11 U.S.C. § 523(a) (emphasis added). The statements in this case do not fall under this section. The provision expressly excludes statements pertaining to financial condition. Statements of financial condition are within the purview of subsection (B) of § 523(a)(2). Subsection (B) is substantially different from subsection (A). Chief among these differences is that a statement of financial condition must be in writing in order to have the underlying claim determined to be non-dischargeable.[2]
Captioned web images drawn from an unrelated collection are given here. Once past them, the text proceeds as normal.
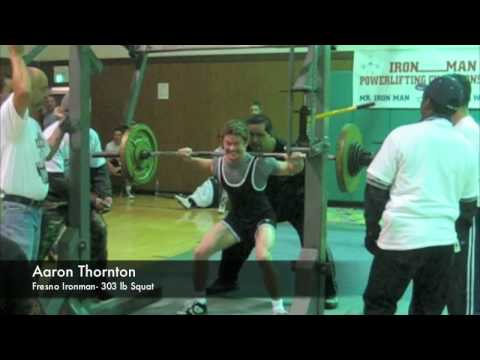Aaron Thornton's Fresno Ironman Best Squat- 303 lb
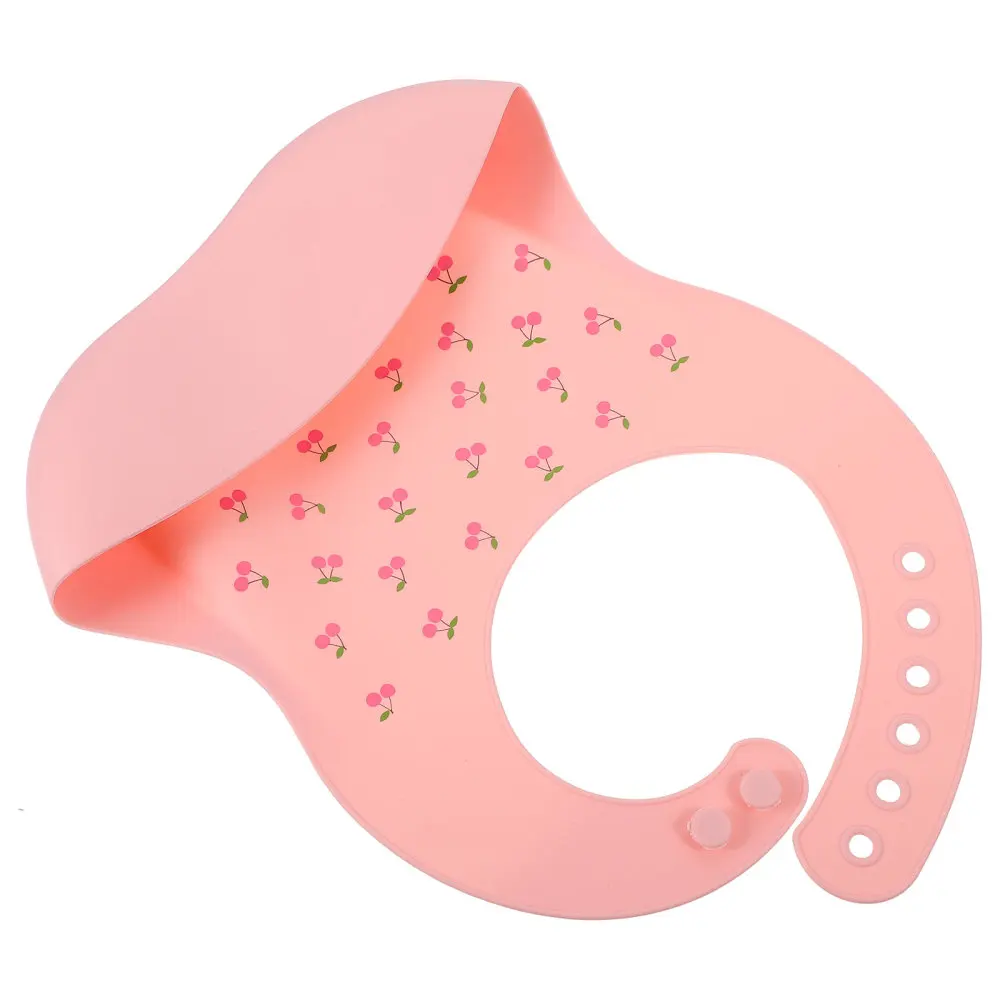 

Baby Bib Silicone With Pocket Waterproof BPA Free Adjustable Toddler Bib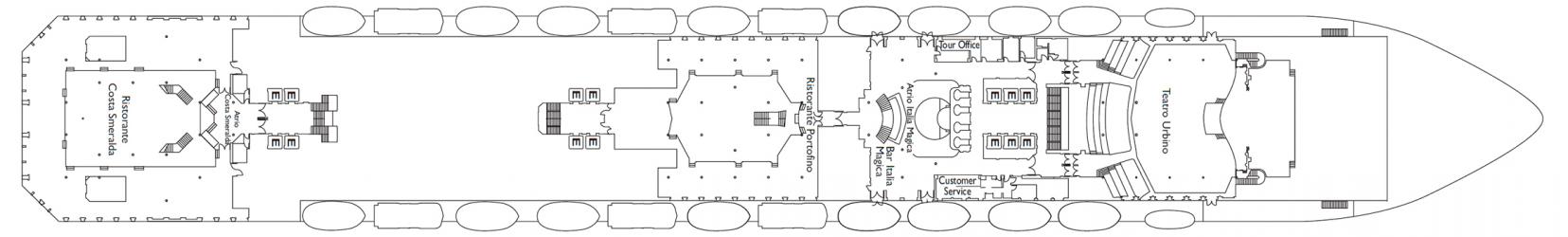 Cubierta 3 Costa Magica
There is no question that the debtors obtained money from the plaintiff. Furthermore, the plaintiff advanced these funds on the basis of oral representations. An examination of these statements shows that all representations related to the financial condition of the business, which was a corporation. The business in this case is an "insider". The definition of the term "insider" includes a corporation, if the debtor is an individual and a person in control of the corporation. 11 U.S.C. § 101(25). There is no doubt that the Bedards controlled Family Enterprises, Inc. The corporation, therefore, is a statutory insider. The representations in this case all concerned the financial condition of this insider. As a result, the claim in this case is expressly excluded from § 523(a)(2)(A) and cannot be declared non-dischargeable under this provision.

As previously mentioned, misrepresentation of financial condition is covered by § 523(a)(2)(B). Furthermore, such a misrepresentation of financial condition must be in writing if the underlying claim is to be excepted from discharge.[3] In his brief, counsel for the plaintiff cites several cases in support of his contention that the writing requirement does not apply in this case.[4] This reliance, however, is misplaced. All of these cases were decided under § 17(a)(2) of the now-repealed Bankruptcy Act of 1898.[5] The limited circumstances under which the Bankruptcy Act imposed a writing requirement have been expanded by the new Bankruptcy Code.[6]

Even if the Court, by some judicial magic, could waive the writing requirement, the plaintiff could not prevail. Section 523(a)(2)(B) requires that the creditor must have reasonably relied on the misrepresentation. 11 U.S.C. § 523(a)(2)(B)(iii). In this case, the reliance by the plaintiff is anything but reasonable. The testimony clearly shows that the plaintiff never asked for financial details of the enterprise in which he was investing. Nor did he ever *568 request a written financial statement. Furthermore, the evidence shows the plaintiff to have been represented by counsel who urged him not to enter into this transaction. The doctor failed to heed this prudent advice.

The Court understands the plaintiff's frustration. He has lost a large sum of money. However, there were means of protecting himself which he chose to ignore. Summary judgment was originally denied by the Court in order to grant the plaintiff a full and complete opportunity to present his case. The plaintiff, however, is unable to prove that this debt should be excluded from discharge.

An appropriate Order will be entered.

NOTES

[1] This Opinion constitutes the findings of fact and conclusions of law required by Rule 752 of the Rules of Bankruptcy Procedure.

[2] Subsection (B) provides that a debtor will not be discharged from any debt:

(2) for obtaining money, property, services, or an extension, renewal, or refinance of credit, by—

(B) use of a statement in writing—

. . . . .

(ii) respecting the debtor's or an insider's financial condition; . . .

[3] See note 2, supra.

[4] In re Ketter, 1 B.R. 510 (D.C.E.D.Wis.1979); In the Matter of Matera, 592 F.2d 378 (7th Cir. 1979).

[5] Act of July 1, 1898, ch. 541, 30 Stat. 544 (1898) (repealed by Act of Nov. 6, 1978, Pub. L.No. 95-598, 92 Stat. 2549 (1978)).

[6] Under the Act, the writing requirement only applied to ". . . obtaining money or property on credit or obtaining an extension or renewal of credit. . . .". § 17(a)(2). These restrictions have been removed by the Code. 11 U.S.C. § 523(a)(2)(B).